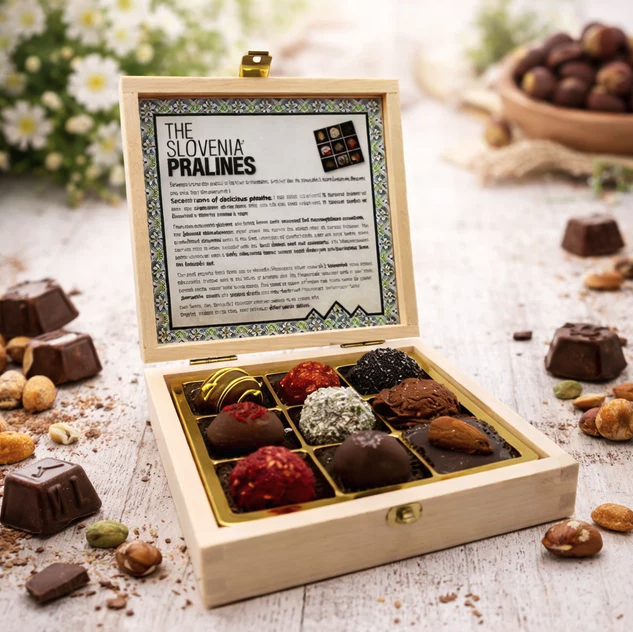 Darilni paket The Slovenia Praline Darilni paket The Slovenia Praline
* * *
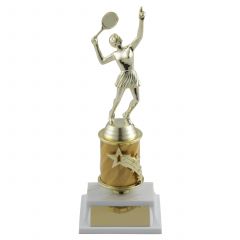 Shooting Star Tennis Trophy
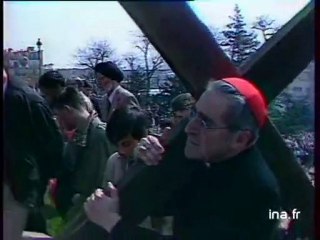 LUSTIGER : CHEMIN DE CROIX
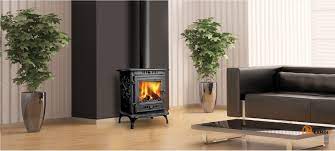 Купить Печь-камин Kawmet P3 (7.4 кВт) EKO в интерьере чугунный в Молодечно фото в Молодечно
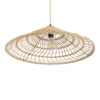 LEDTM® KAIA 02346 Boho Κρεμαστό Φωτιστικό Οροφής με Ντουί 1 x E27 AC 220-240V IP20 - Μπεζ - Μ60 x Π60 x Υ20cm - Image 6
--
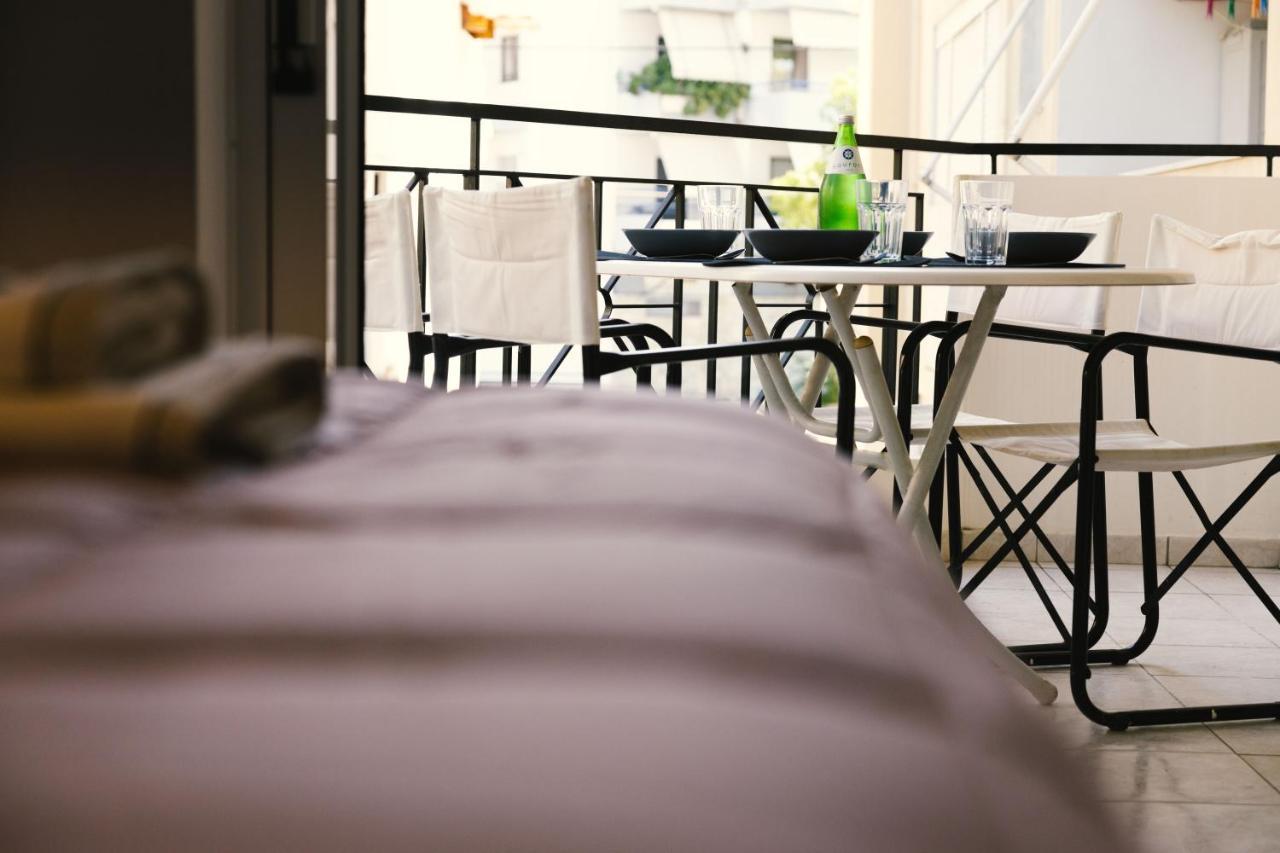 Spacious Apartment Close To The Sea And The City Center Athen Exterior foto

- Problem requirements: Output exactly, and only, the lines of the entries above from the one with "Купить Печь-камин Kawmet" up to and including the one with "LEDTM® KAIA 02346"; pictures are to be left out.

- Answer to the problem:
 Купить Печь-камин Kawmet P3 (7.4 кВт) EKO в интерьере чугунный в Молодечно фото в Молодечно
 LEDTM® KAIA 02346 Boho Κρεμαστό Φωτιστικό Οροφής με Ντουί 1 x E27 AC 220-240V IP20 - Μπεζ - Μ60 x Π60 x Υ20cm - Image 6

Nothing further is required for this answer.